The downside of this approach is that anyone who consumes less than 1,000 kWh/month sees a higher bill overall, but it does bring into line the fixed costs of a grid connection and the plant maintenance & depreciation costs. You could say that under the usage-based model, I'm subsidizing the farmers who want a meter at a lean-to, 3 miles into their field, for $5/mo.

Bold mine. This is the window through which demand charges and AMI metering are being pushed by utilities. Truth be told, I think smart meters may become a necessity in fixed cost recovery, but their ability to provide utilities reporting on instantaneous load is a revenue source waiting to happen (hardware and monthly).

A better solution for net-metering could be to keep the <1,000kwh (non-solar) consumer's cost lower, and track the watts of the net metered solar customer, as they go back to the utility. As they break monthly volume thresholds, a fair toll could be established on the predictable volumes of solar production.
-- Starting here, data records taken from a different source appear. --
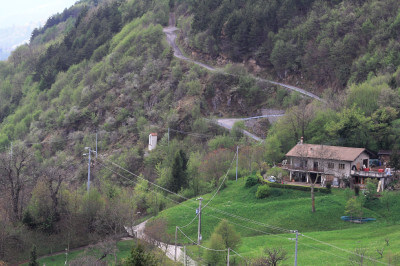 Landschaft mit Motorradfahrer am Passo di Capovalle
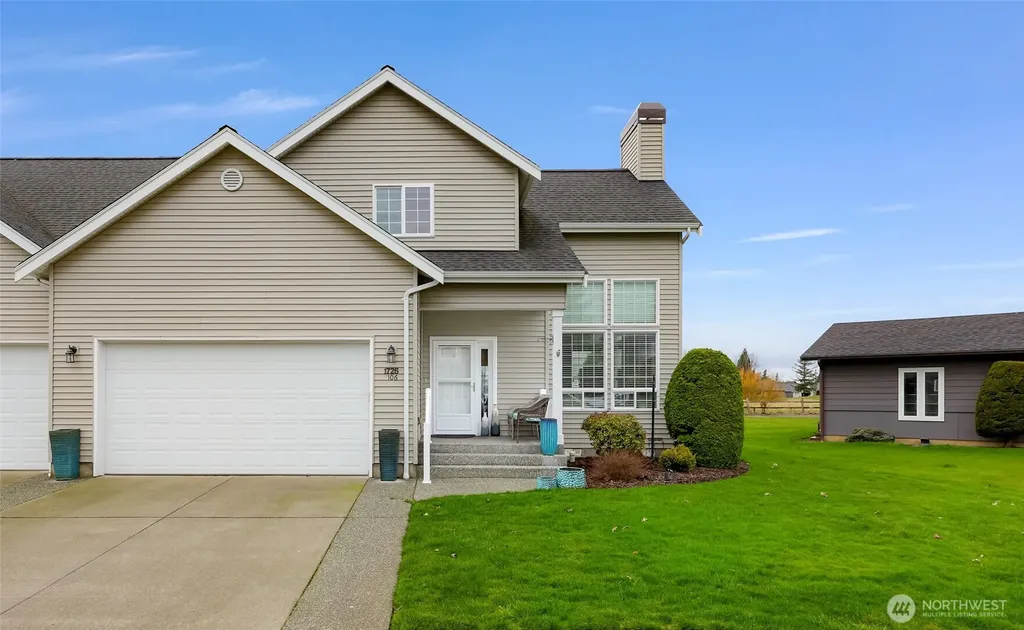 1725 Harrison Lynden WA 98264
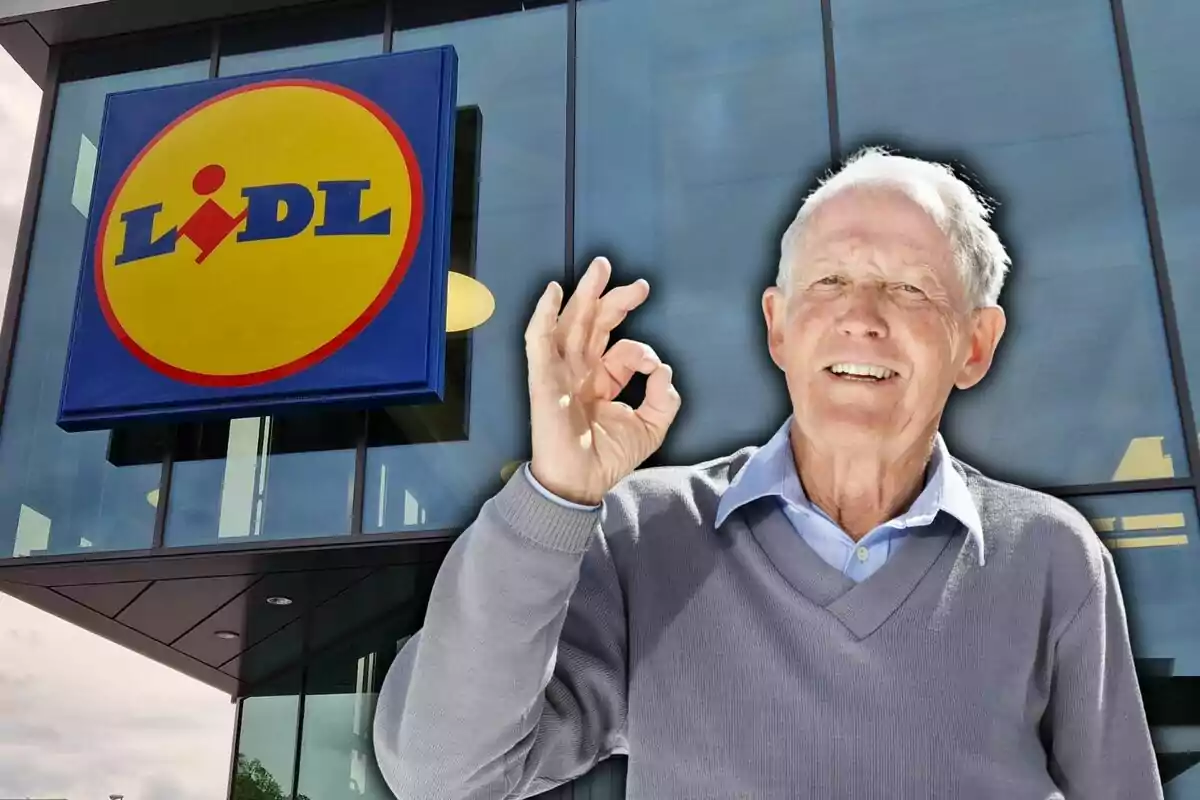 Home gran somrient i fent un gest de "OK" amb la mà davant d'una botiga Lidl.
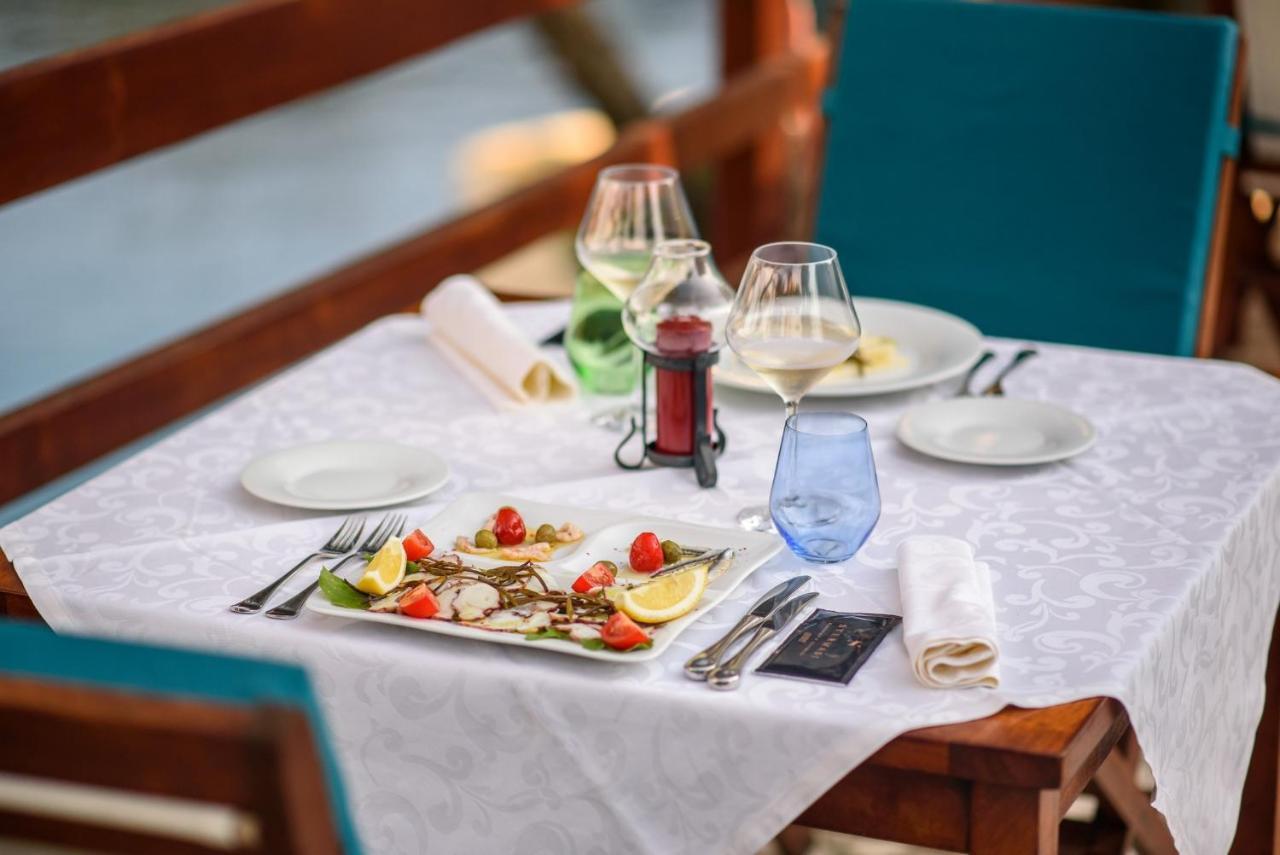 Maranovići Accomodation Stermasi מראה חיצוני תמונה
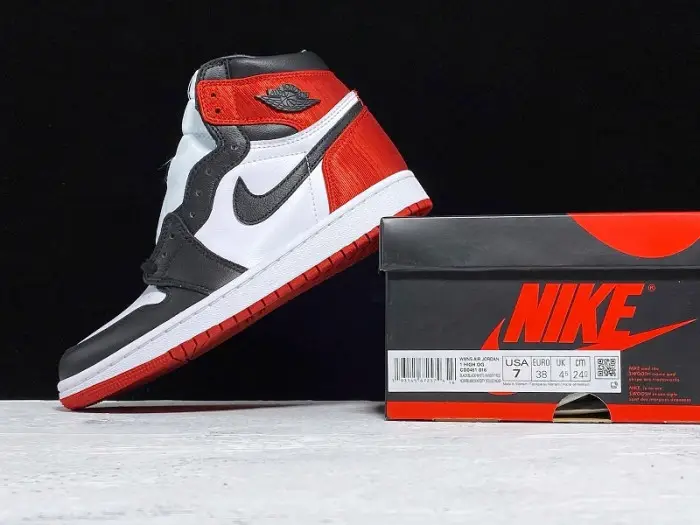 Jordan 1 Retro High Satin Black Toe (W) 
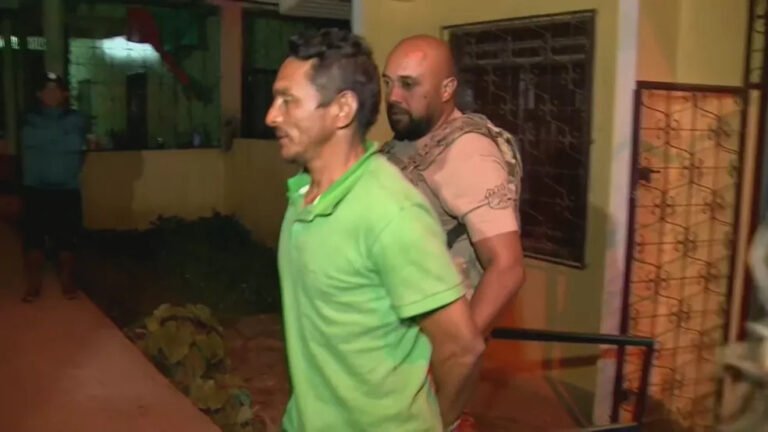 A família do suspeito de envolvimento no sumiço do indigenista Bruno Araújo Pereira e do jornalista inglês Dom Phillips, Amarildo da Costa de Oliveira, afirma que ele é inocente. O "Pelado", como é conhecido, está em prisão provisória por trinta-dias, a contar dessa quinta-feira (9)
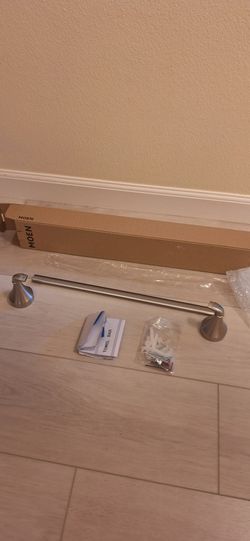 MOEN Towel Bar 18"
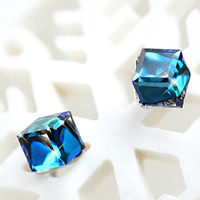 Zircon cubique ( CZ ) goujon boucle, alliage de zinc, avec zircon cubique, acier inoxydable puce boucle d'oreille, cube, Placage de couleur platine, facettes, sans plomb et cadmium, 4x4mm, Vendu par paire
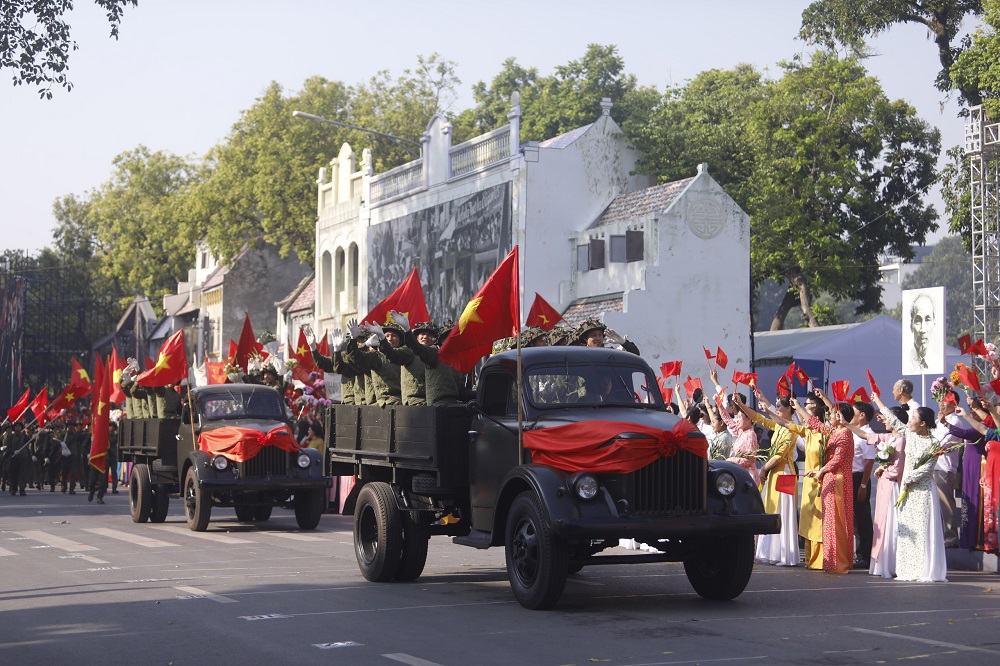 Hà Nội linh thiêng, kiêu hùng, hào hoa, lãng mạn, hội nhập, phát triển trong “Ngày hội Văn hóa vì hòa bình“ - ảnh 3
If one gets net metered out for 1,000kwh/month, it could cost $50, where the 2kw PV customer, producing much less, would pay maybe $30. In the end, if we're all getting away from kwh rates, these costs, and the <1,000 base customer's hook-up fee would go up.

Demand charges are a slap to solar generators, who peak just once a day. And it is load balancing supply, not demand. The commercial entities who more typically pay them, have many more daily peaks and manage for them. There is no way for a solar owner not to be a sitting duck. I think someone on SRP's staff was quoted as suggesting solar owners should face their panels in the direction that corresponds to their own electric needs. Imagine that? SRP would gauge its charge inside just 15 minutes, each month.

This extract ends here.